• WHAT NEEDS TO BE DONE:
An exact reproduction is needed of every line from the beginning of the data down to and including the line that contains "Ремешок нейлоновый Great", minus the pictures.

Records excerpted from a collection:
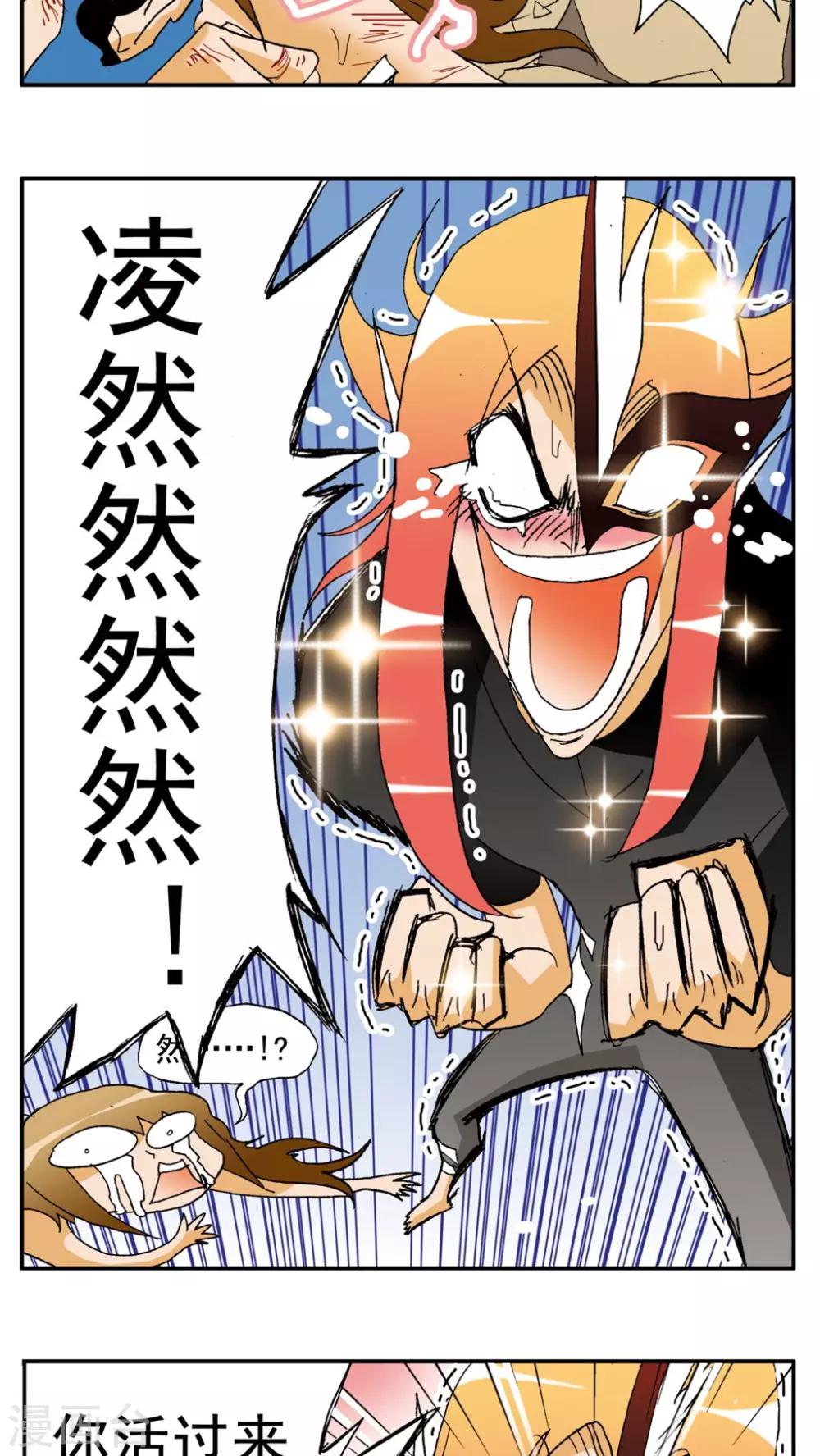 第148话-第148话
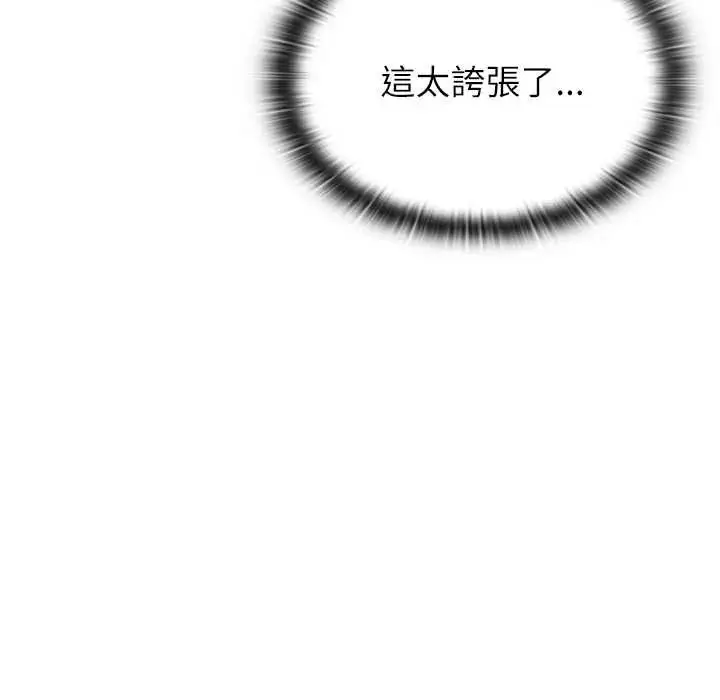 漫画《男以稀为贵》第6话第103张图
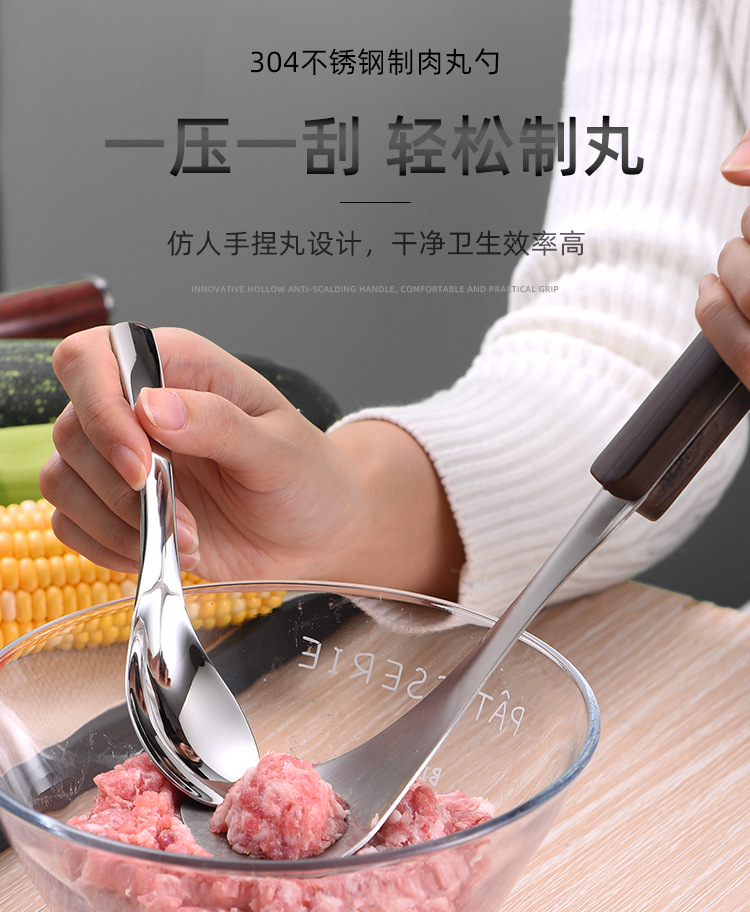 批发304不锈钢肉丸压挤丸子神器 制作丸子厨房工具 家用模具勺子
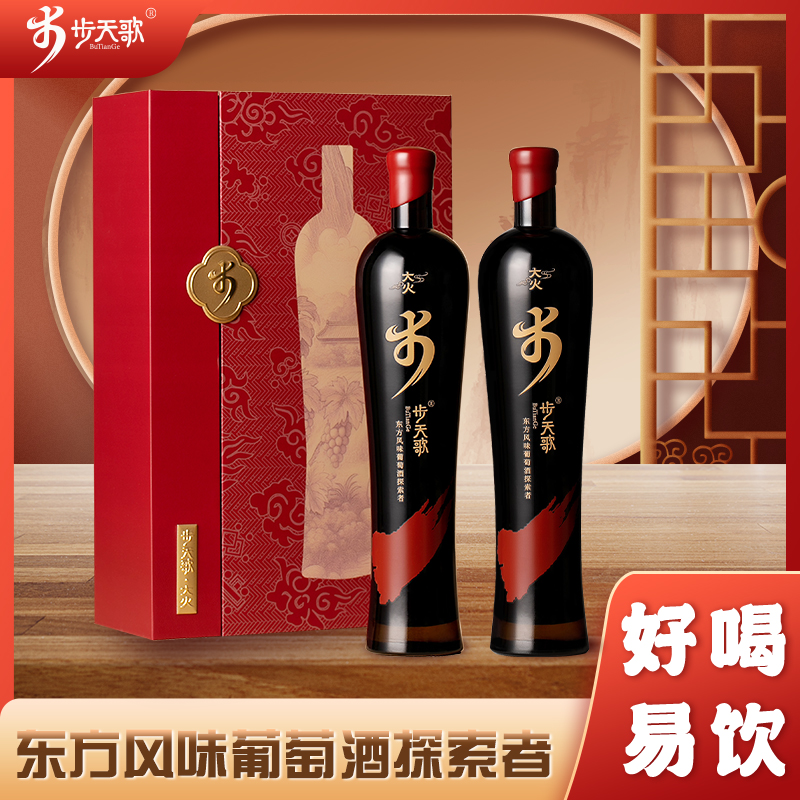 【步天歌】大火红葡萄酒 本土稀缺品种 东方风味好喝易饮 半甜型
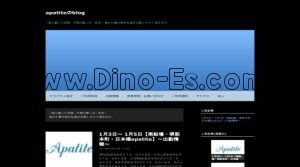 長堀橋の「Apatite～アパタイト～南船場」電話番号：080-2509-0246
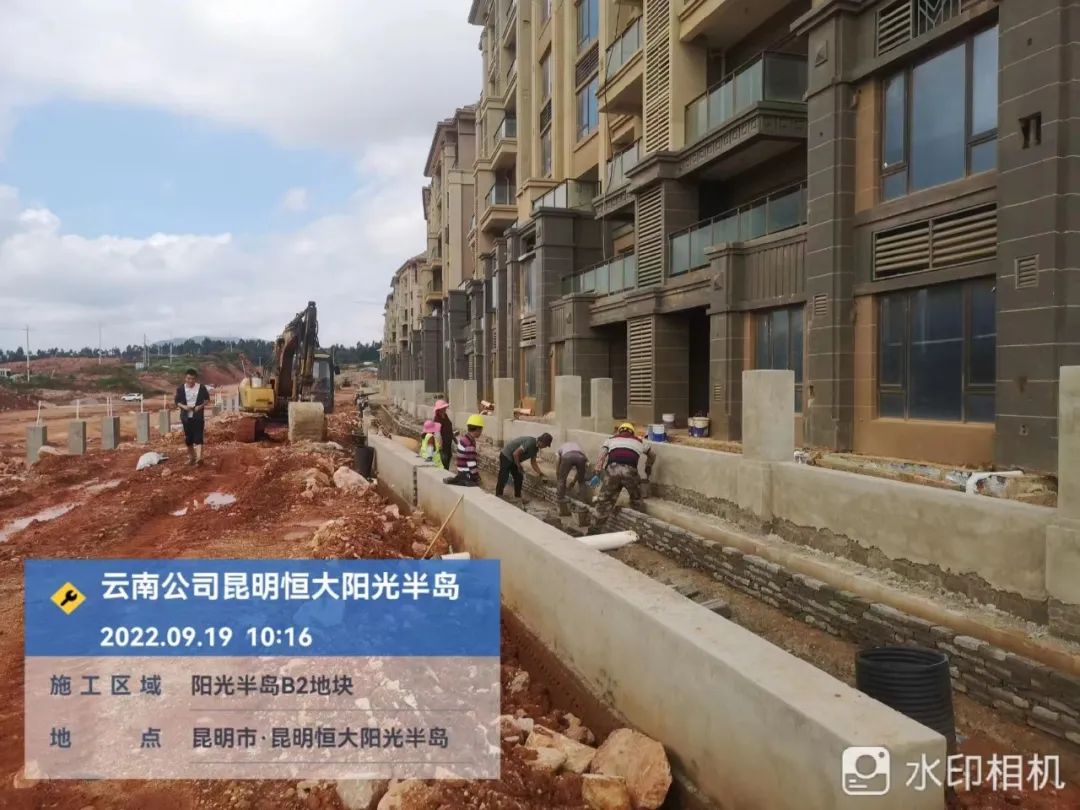 恒大在建项目什么时候全部复工,恒大保交楼基本完成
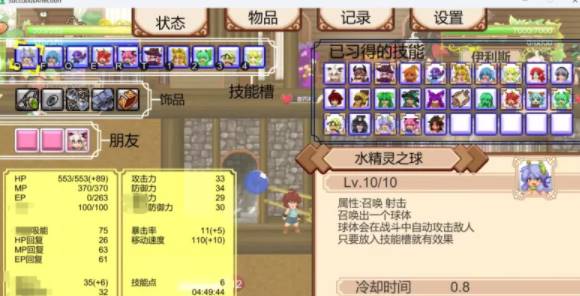 图片[3]-【ACT/中文/全动态】魅魔之恋steam官方中文版V1.09 [PC+1G]-次元小屋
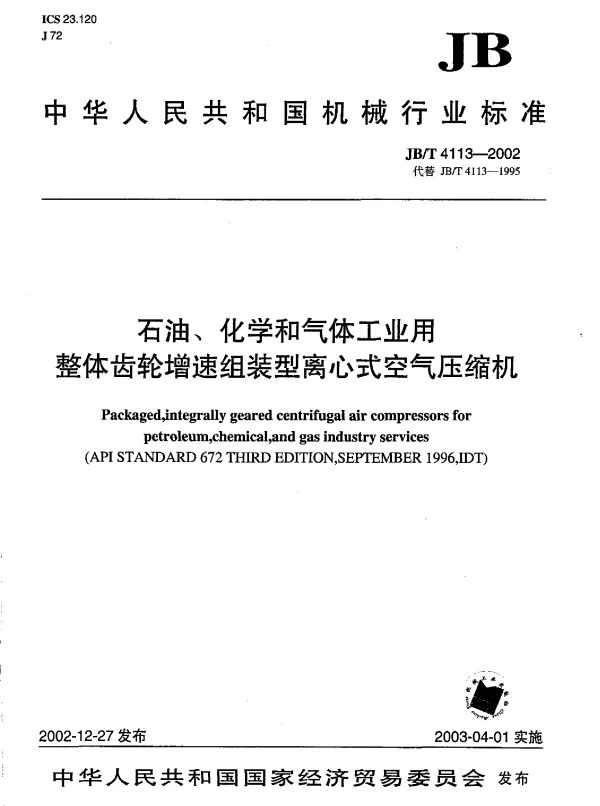 JBT 4113-2002 石油、化学和气体工业用整体齿轮增速组装型离心式空气压缩机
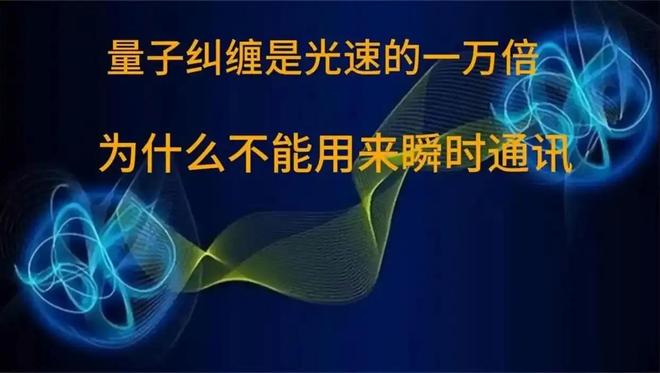 超光速为何不可能？因果律如何阻止超光速现象的发生708 / 作者:单丁鹤纷 / 帖子ID:131069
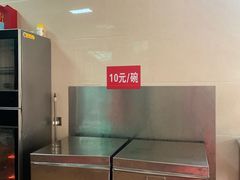 -安海长火土笋冻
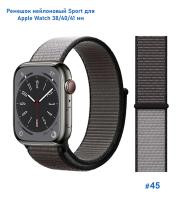 Ремешок нейлоновый Great Case Sport для Apple Watch 38/40/41 мм, 225мм, на липучке, темно-серый+серый (45) фото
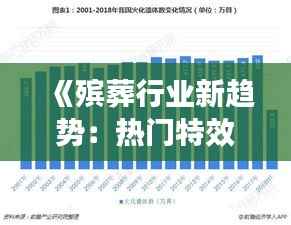 《殡葬行业新趋势:热门特效技术解析》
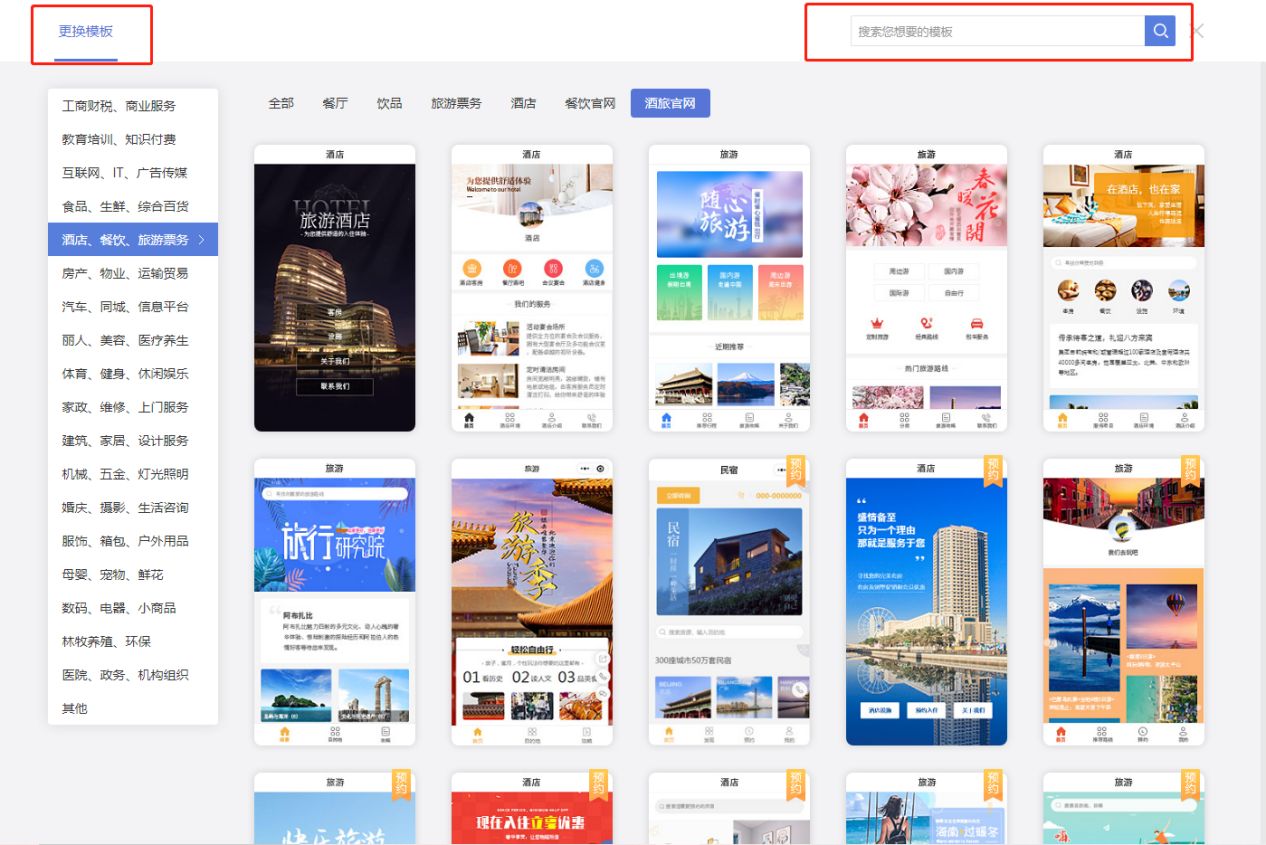 融通酒店预订小程序,酒店预订小程序制作教程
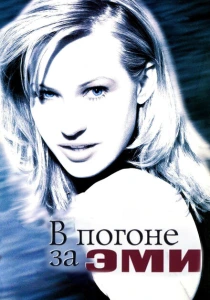 фильм В погоне за Эми (1997) бесплатно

• RESULT OF THE TASK:
 第148话-第148话
 漫画《男以稀为贵》第6话第103张图
 批发304不锈钢肉丸压挤丸子神器 制作丸子厨房工具 家用模具勺子
 【步天歌】大火红葡萄酒 本土稀缺品种 东方风味好喝易饮 半甜型
 長堀橋の「Apatite～アパタイト～南船場」電話番号：080-2509-0246
 恒大在建项目什么时候全部复工,恒大保交楼基本完成
 图片[3]-【ACT/中文/全动态】魅魔之恋steam官方中文版V1.09 [PC+1G]-次元小屋
 JBT 4113-2002 石油、化学和气体工业用整体齿轮增速组装型离心式空气压缩机
 超光速为何不可能？因果律如何阻止超光速现象的发生708 / 作者:单丁鹤纷 / 帖子ID:131069
 -安海长火土笋冻
 Ремешок нейлоновый Great Case Sport для Apple Watch 38/40/41 мм, 225мм, на липучке, темно-серый+серый (45) фото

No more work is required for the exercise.